Gündem, ANKARA01.02.2021 16:45 ~ 01.02.2021 16:46
CHP Sözcüsü Faik Öztrak, fiyat artışlarına çare olarak ayçiçeği yağı satmaya başlayan PTT’nin marketten daha yüksek fiyat belirlemesine ilişkin, “Güler misin, ağlar mısın? Ama o kadar beceriksizler ki onu bile ellerine yüzlerine bulaştırdılar. Ucuz diye sattıkları yağlar, üreticinin kendi sitesindeki etiketlerden yüzde 25 daha pahalı çıktı. Bu beceriksizler Türkiye’yi kara mizah ülkesi yaptı” dedi. Doğalgaza bir ay içinde gelen ikinci zamma da tepki gösteren Öztrak, “Anlaşılan doğal gaz zammı ‘yüzde 1, yüzde 1, …’ otomatiğe bağlandı. Hadi diyelim raflardaki ve etiketlerdeki fahiş fiyatların sorumluluğunu, esnafın üstüne yıktınız. Doğalgaz zammının sorumlusu kim? Geçilmeyen tünel ve köprülerdeki zamların sorumlusu kim? Cevap belli. Sizsiniz, siz Sayın Erdoğan” dedi.
CHP Sözcüsü Faik Öztrak, fiyat artışlarına çare olarak ayçiçeği yağı satmaya başlayan PTT’nin marketten daha yüksek fiyat belirlemesine ilişkin, “Güler misin, ağlar mısın? Ama o kadar beceriksizler ki onu bile ellerine yüzlerine bulaştırdılar. Ucuz diye sattıkları yağlar, üreticinin kendi sitesindeki etiketlerden yüzde 25 daha pahalı çıktı. Bu beceriksizler Türkiye’yi kara mizah ülkesi yaptı” dedi.
Doğalgaza bir ay içinde gelen ikinci zamma da tepki gösteren Öztrak, “Anlaşılan doğal gaz zammı ‘yüzde 1, yüzde 1, …’ otomatiğe bağlandı. Hadi diyelim raflardaki ve etiketlerdeki fahiş fiyatların sorumluluğunu, esnafın üstüne yıktınız. Doğalgaz zammının sorumlusu kim? Geçilmeyen tünel ve köprülerdeki zamların sorumlusu kim? Cevap belli. Sizsiniz, siz Sayın Erdoğan” dedi.

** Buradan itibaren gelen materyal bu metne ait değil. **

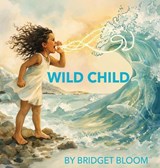 Wild Child - Bridget Bloom - 9781764549400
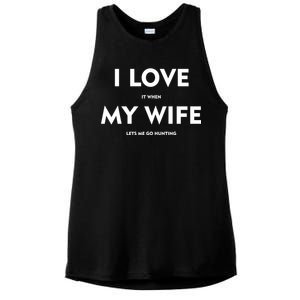 I Love It When My Wife Let's Me Go Hunting Ladies PosiCharge Tri-Blend Wicking Tank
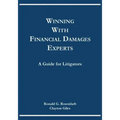 Winning with Financial Damages Experts: A Guide for Litigators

Öztrak, CHP Merkez Yönetim Kurulu (MYK) toplantısı devam ederken düzenlediği basın toplantısında özetle şunları söyledi:
İNANÇ AŞAĞILAMASI DA NEFRET DİLİNİ DE KABUL ETMEYİZ: Ülkemiz iki yılı aşkın süredir, derin bir buhranın içinde. 2018’de başlayan ekonomik kriz, derinleşen devlet krizi ve salgınla birleşerek, şiddetli bir buhrana dönüştü. Meşhur sözdür: Bir ülke ya ilimle ya da zulümle yönetilir. Saray ortaklarında ilim yok. O nedenle koskoca ülkeyi, zam ve zulümle yönetmeye çalışıyorlar. Ne hak ne hukuk ne de adalet tanıyorlar. Ülkeyi yönetenlerin bilimle arası hoş değil. Özgür düşünceyle arası hoş değil, akademik özgürlükle arası hoş değil. Özgür üniversite kavramıyla arası hiç hoş değil. Üniversiteler sadece bir kampüsten ibaret değil. Bu fiziki mekânı, bir bilim yuvası yapan; öğretim üyeleridir, öğrencileridir, emekçileridir. Ancak bilginin üretilmesi özgürlüğü gerektirir. Bunu da sağlayan bilimsel ortamın yönetimidir. O nedenle dünyada saygın üniversitelerde yöneticiler, üniversitelerin geleneklerine, dokusuna uygun olarak belirlenir. Çoğunda da liyakat ilkesi dikkate alınarak, üniversitelerin mütevelli heyetleri tarafından seçilirler. Bilimle arası iyi olmayan saray, bir ay önce, Boğaziçi Üniversitesi’ne rektörlüğüne kayyum atadı. Atama dünyada kabul görmüş yöntemlere göre yapılmadı. Boğaziçi Üniversitesinin teamüllerine uygun olarak da yapılmadı. OHAL’de başlayan, OHAL’den sonra da olağanlaştırılan, bir düzenlemeyle bu atama yapıldı. Kayyum siyasi bir isim… Ehliyeti, liyakati tartışmalı. Beyanatları ise yalanlı, tezinde intihal yani akademik hırsızlık iddiaları da cabası. Boğaziçi Üniversitesi’nin öğretim üyeleri ve öğrencileri de haklı olarak, bu atamaya demokratik tepki gösterdiler. Bu tepki son derece meşrudur. Bu barışçı direniş son derece haklıdır. Bu tepkiye ve direnişe sonuna kadar elbette sahip çıktık, çıkacağız.